[Dataset content — start]

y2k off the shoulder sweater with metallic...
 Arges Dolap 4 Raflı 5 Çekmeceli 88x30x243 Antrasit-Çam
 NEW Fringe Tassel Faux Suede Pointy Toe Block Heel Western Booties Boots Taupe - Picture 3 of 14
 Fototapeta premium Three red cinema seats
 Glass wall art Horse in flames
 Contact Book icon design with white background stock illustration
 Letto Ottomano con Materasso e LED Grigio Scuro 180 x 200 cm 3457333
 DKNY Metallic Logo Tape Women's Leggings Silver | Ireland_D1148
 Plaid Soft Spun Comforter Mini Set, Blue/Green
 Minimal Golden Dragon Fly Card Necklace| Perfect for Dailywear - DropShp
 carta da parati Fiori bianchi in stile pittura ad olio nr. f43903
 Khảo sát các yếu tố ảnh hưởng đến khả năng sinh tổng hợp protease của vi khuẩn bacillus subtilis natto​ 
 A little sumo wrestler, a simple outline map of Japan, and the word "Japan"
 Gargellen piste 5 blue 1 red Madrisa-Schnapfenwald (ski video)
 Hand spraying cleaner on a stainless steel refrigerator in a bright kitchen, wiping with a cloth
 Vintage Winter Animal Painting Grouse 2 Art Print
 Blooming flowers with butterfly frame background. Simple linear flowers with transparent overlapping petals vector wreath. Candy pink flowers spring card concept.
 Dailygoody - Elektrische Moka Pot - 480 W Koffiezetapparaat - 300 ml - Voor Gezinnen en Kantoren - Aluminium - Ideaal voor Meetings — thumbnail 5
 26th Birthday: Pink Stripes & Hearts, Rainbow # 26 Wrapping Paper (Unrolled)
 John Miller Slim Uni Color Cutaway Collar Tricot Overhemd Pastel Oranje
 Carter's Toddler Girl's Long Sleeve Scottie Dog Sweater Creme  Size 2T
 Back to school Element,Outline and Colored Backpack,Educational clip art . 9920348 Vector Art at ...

[Dataset content — finish]

#### [Problem statement]
Only the lines from the first line of the records through the line with "Glass wall art Horse in flames" should be reproduced, exactly and with nothing added.

#### [Result of this exercise]
y2k off the shoulder sweater with metallic...
 Arges Dolap 4 Raflı 5 Çekmeceli 88x30x243 Antrasit-Çam
 NEW Fringe Tassel Faux Suede Pointy Toe Block Heel Western Booties Boots Taupe - Picture 3 of 14
 Fototapeta premium Three red cinema seats
 Glass wall art Horse in flames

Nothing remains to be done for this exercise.